Anehnya, sampai aku berhasil tenang lagi, tak ada telpon atau pesan masuk dari Pak Bojo. Aku mencoba menelpon tapi tak diangkatnya. Aku hanya mengirimkan pesan padanya, "Ayah yang kuat ya, tenang insyaallah kami baik-baik saja di sini" Setelah itu, aku tak menghubunginya lagi. Kalau aku saja terkejut dengan berita ini, apalagi dia. Tak mudah baginya untuk bekerja jauh meninggalkan anak istri. Meski sudah sering kami membahas tentang kemungkinan mutasi kerja ke ujung lain negara ini, tapi tetap saja ada sisi yang menyesakkan ketika SK itu benar-benar dihadirkan dalam hidup kami. 

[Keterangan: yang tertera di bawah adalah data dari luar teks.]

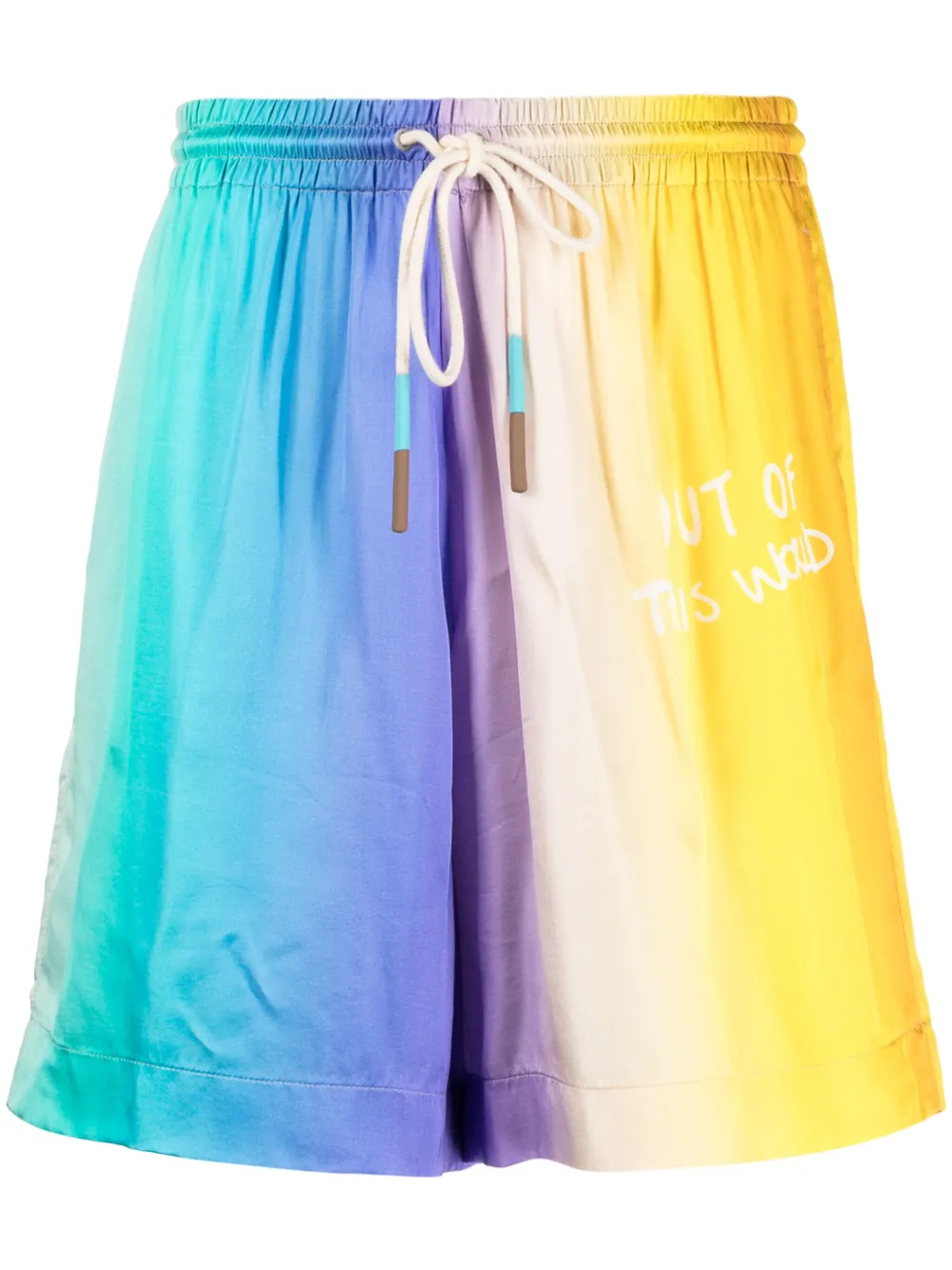 Mira Mikati drawstring ombré-effect shorts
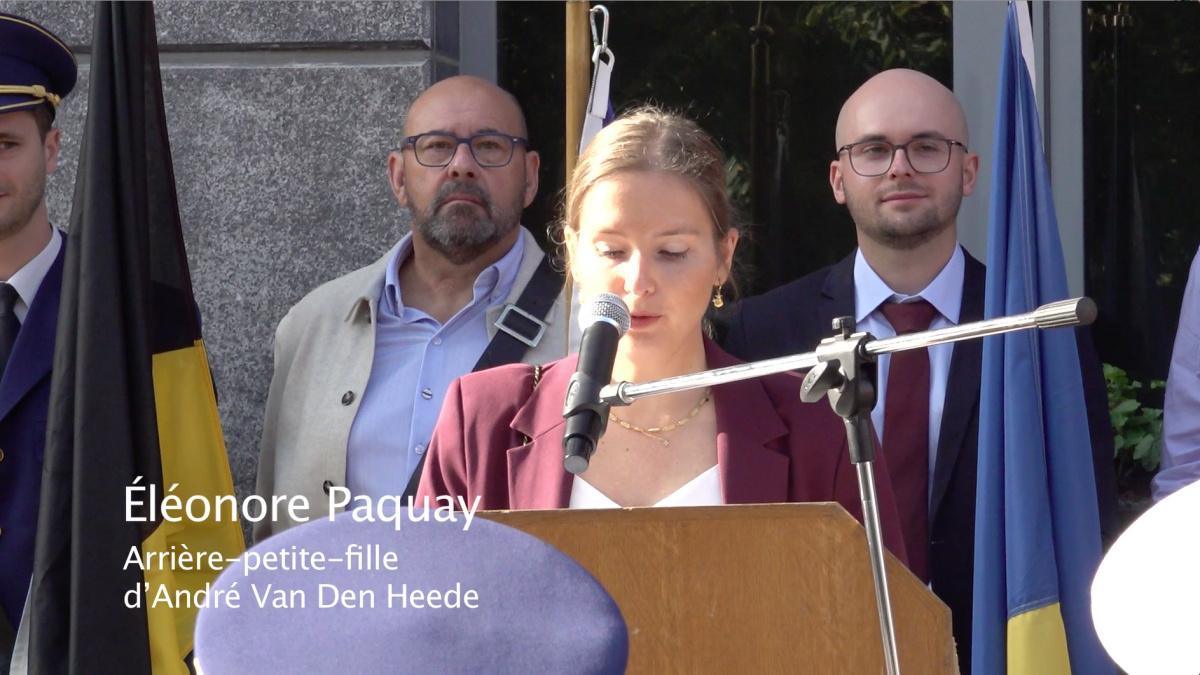 Commémoration André Van Den Heede 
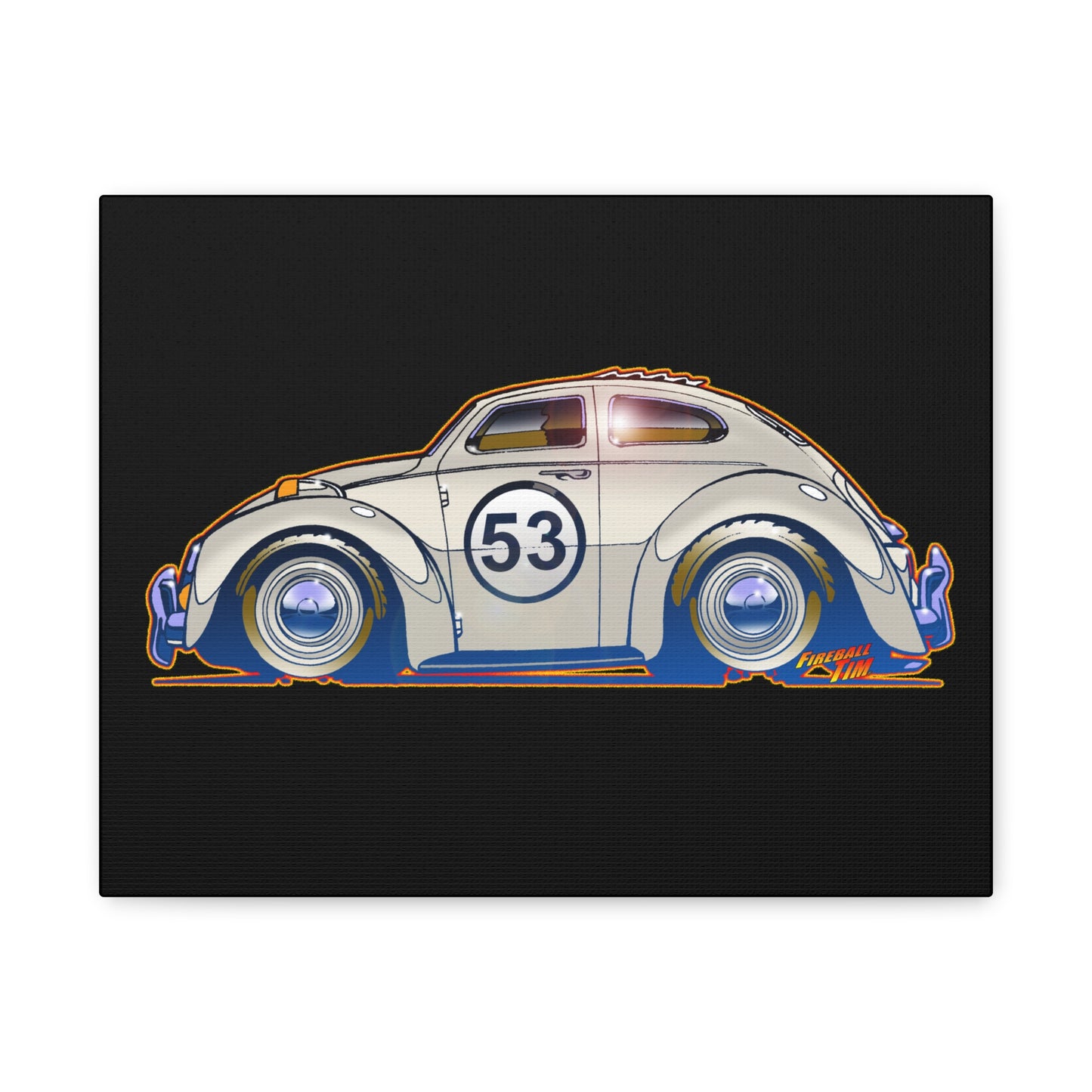 HERBIE THE LOVE BUG Movie Car Canvas Art Wall Print - 11x14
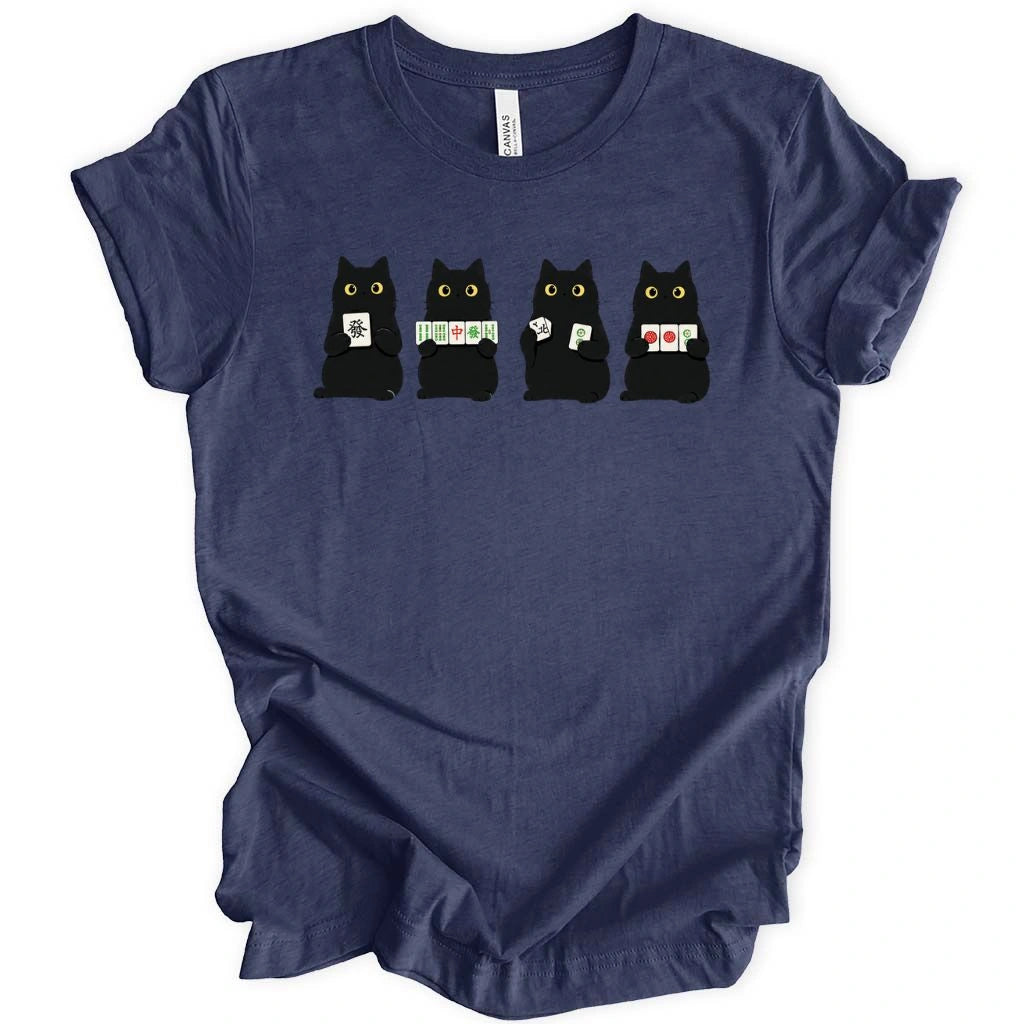 Cats playing Mahjong T-shirt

Long Distance Relationship (LDR) bukanlah hal pertama bagi kami. Dulu waktu baru kenalan di tahun akhir kuliahku, kami terpisahkan Selat Sunda. Dia di Lampung dan aku di Jakarta. Dilanjutkan dengan Bengkulu - Lampung setelah aku penempatan kerja hingga tiga bulan pertama kami menikah. Waktu itu, seminggu sekali aku PJKA (Pulang Jum'at Kembali Ahad) ke Lampung. Alhamdulillah tak lama, aku mendapatkan SK pindah ikut suami. LDR berikutnya ketika suami mutasi kerja ke Pekalongan. Tiga bulan kami menjalani LDR, tapi suami bisa seminggu atau dua minggu sekali pulang ke Lampung. 

Kali ini, Pekalongan - Jayapura. Terkejut pasti, tapi untuk mengatakan tak siap, kami tak mau berkata seperti itu. Selama ini kami sudah sering membahas tentang mutasi. Kami selalu meyakini, ketika saat itu tiba, Allah sudah menguatkan kami. Allah selalu memberikan yang terbaik pada hamba-Nya di waktu yang terbaik pula. Itu yang selalu tertanam dalam hati kami. 

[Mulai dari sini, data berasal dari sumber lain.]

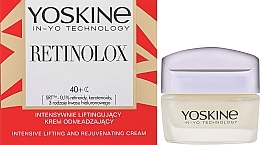 Intensiv verjüngende Lifting-Creme - Yoskine Retinolox 40+ Intensive Lifting and Rejuvenating Cream  — Bild N2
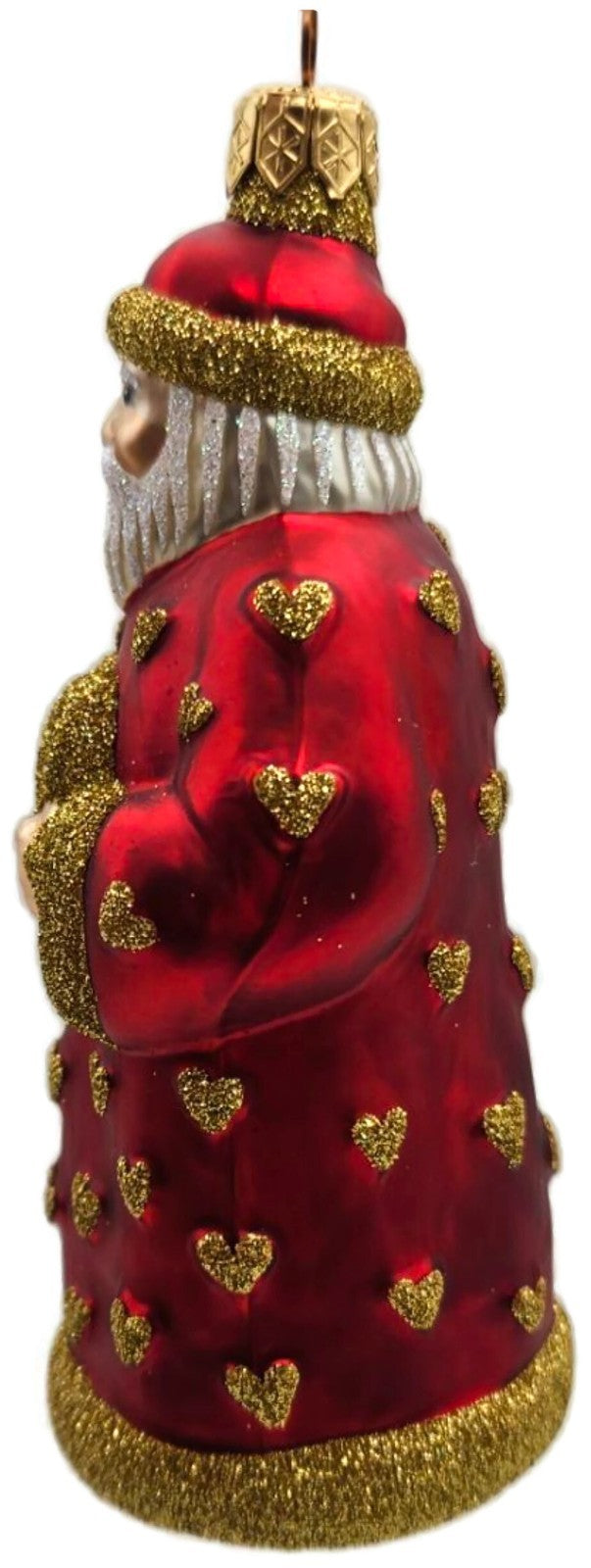 Patricia Breen I Love You Santa Gold Hearts Valentines Christmas Ornament 97255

Hingga jam kantor sudah terlewat 1,5 jam, Pak Bojo tak kunjung menjemput aku. Mungkin dia butuh waktu untuk menenangkan diri sejenak. Biarlah dia mengambil waktu untuk menerima berita ini dengan ikhlas. Dan akupun menenangkan diriku sambil menunggu dijemput Pak Bojo. Aku harus tenang, agar Pak Bojo tenang. Aku harus kuat, agar dia pun kuat menjalani tugas di ujung timur Indonesia. Aku harus kuat, agar anak-anak kuat. 

Mataku menatapnya dengan senyuman seraya berkata, "Gak apa-apa ya, insyaallah kita bisa." setelah aku memasuki mobil saat dijemput di depan kantor. Dia hanya menjawab dengan senyuman dengan langsung memelukku. Mungkin dia pun tak tahu harus berkata apa padaku. Kemudian yang tersisa dalam pikiran kami berdua adalah bagaimana cara memberi tahu anak-anak tentang kabar ini. Kami pun sepakat, nanti kita beri tahu mereka saat kita berdua sudah lebih tenang. 

Begitulah, ternyata cinta itu saling menjaga. Aku berusaha kuat untuknya, dia pun berusaha kuat untukku. Padahal dalam hati kami sama-sama sedang menangis sedih. 

Sambil menunggu waktu keberangkatan ke Jayapura, kami masih saja berusaha saling menguatkan betapa sedihnya hati kami masing-masing. Aku membuat list barang dan hal-hal apa saja yang perlu disiapkannya untuk ke Jayapura. Dia membuat list hal-hal apa di rumah yang perlu disiapkan sebelum berangkat ke Jayapura agar aku tak repot nanti di rumah, termasuk brain storming ke anak-anak. Aku tahu dia sedih, meski selalu berusaha menyembunyikan air matanya. Dia pun tahu, meski berkali-kali aku mengatakan, "Don't worry, we'll ok here" , aku menyimpan bendungan air mata yang siap untuk tertumpah.

Dari selembar SK mutasi ini aku belajar bahwa cinta itu saling menguatkan, cinta itu saling menjaga.